A l’heure actuelle, le nom de Emmanuel Macron est sur toutes les lèvres à Lomé, la capitale togolaise. Pour ses propos tenus au Nigeria concernant la crise politique togolaise, le président français se retrouve cité par tous les regroupements politiques qui y voient leurs intérêts.

« La stratégie de la France est la même : accompagner l’Union africaine et les leaders régionaux dans la solution de cette crise. Je souhaite que les dirigeants africains puissent réussir la médiation qui est en cours et arriver à des résultats concerts », a premièrement déclaré le chef d’Etat français cité par RFI. Saluant « le gros travail de médiation » abattu par du président ghanéen Nana Akufo-Addo, médiateur de la Communauté économique des Etats de l’Afrique de l’ouest (CEDEAO) avec le président guinéen, Alpha Condé, Emmanuel Macron a également évoqué une entrée en scène plus efficace du Nigeria pour bientôt. Pour le le président français, trouver une solution est une nécessité. « Il faut sortir du statu quo », a ensuite recommandé le président Macron.

Opposition et pouvoir approuvent

Cette recommandation du premier responsable français semble recueillir un avis favorable de chaque côté. Du côté du pouvoir, on indique qu’elle s’aligne directement sur les projets du gouvernement. « Les propos du président Macron répètent également la position constante du gouvernement togolais. Le gouvernement et sa majorité ne sont pas disposés à s’inscrire dans une logique de statu quo », a déclaré à RFI, Gilbert Bawara, ministre togolais de la fonction publique et porte-parole du gouvernement.

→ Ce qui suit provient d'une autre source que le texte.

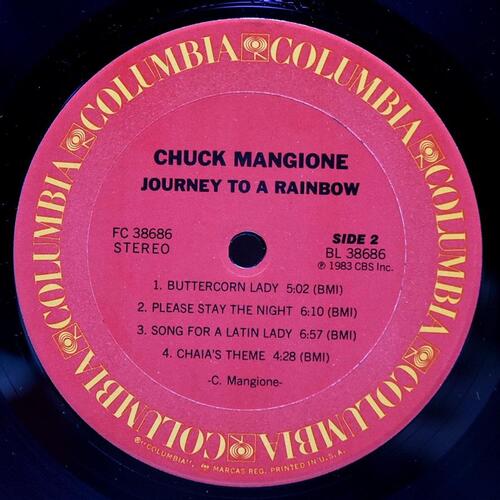 Chuck Mangione [척 맨지오니]‎ - Journey To A Rainbow - 중고 수입 오리지널 아날로그 LP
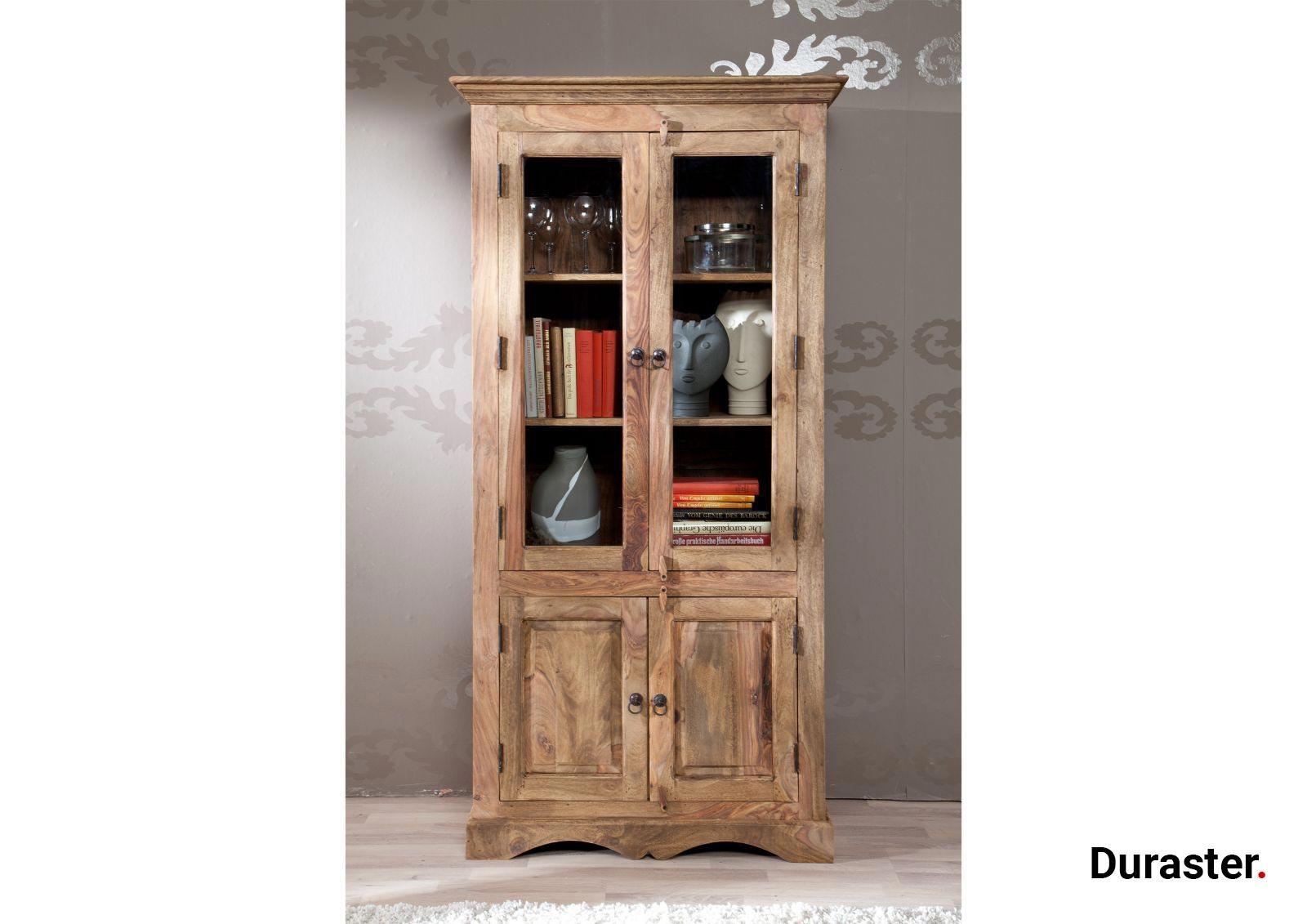 Victoria Modern Sheesham Showcase Cabinet #2 - Duraster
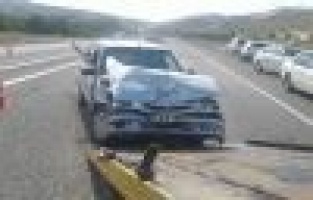 Otomobil takla attı: 1 yaralı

« C’est pourquoi nous avons toujours insisté sur deux exigences. D’une part, un esprit d’ouverture et de recherche du compromis, mais en même temps la détermination et l’engagement à aller jusqu’au bout du processus, en veillant à ce que les réformes politiques, notamment constitutionnelles, puissent être opérées en vue de remporter la démocratie, et faire en sorte que les aspirations de la société togolaise puissent être garanties et assurées », a poursuivi Gilbert Bawara se montrant très rassuré.

Dans l’opposition, on n’est pas moins affirmatif. « On est on ne peut plus satisfaits de ces propos du président Emmanuel Macron. Et donc, pour nous, cela veut dire tout simplement qu’il nous faut faire les réformes pour créer les conditions d’élections véritablement démocratiques et transparentes. Et donner confiance aux Togolais, pour que ces Togolais aillent à ces élections », a déclaré à RFI une source proche de l’opposition qui a ajouté qu’il faut montrer « qu’il y a une rupture dans la gouvernance ». « Et cela ne peut se faire que par une transition au cours de laquelle il y aura une mise en œuvre consensuelle de l’accord que nous aurons trouvé. Et enfin, que nous puissions aller aux élections à la fin de l’année », a précisé la source.

Notons qu’il faudra encore attendre quelques trois semaines pour avoir les recommandations claires de la CEDEAO pour la résolution de la crise. Elles seront formulées lors de la conférence des chefs d’Etat et de gouvernement de l’organisation qui se tient à Lomé à la fin de ce mois.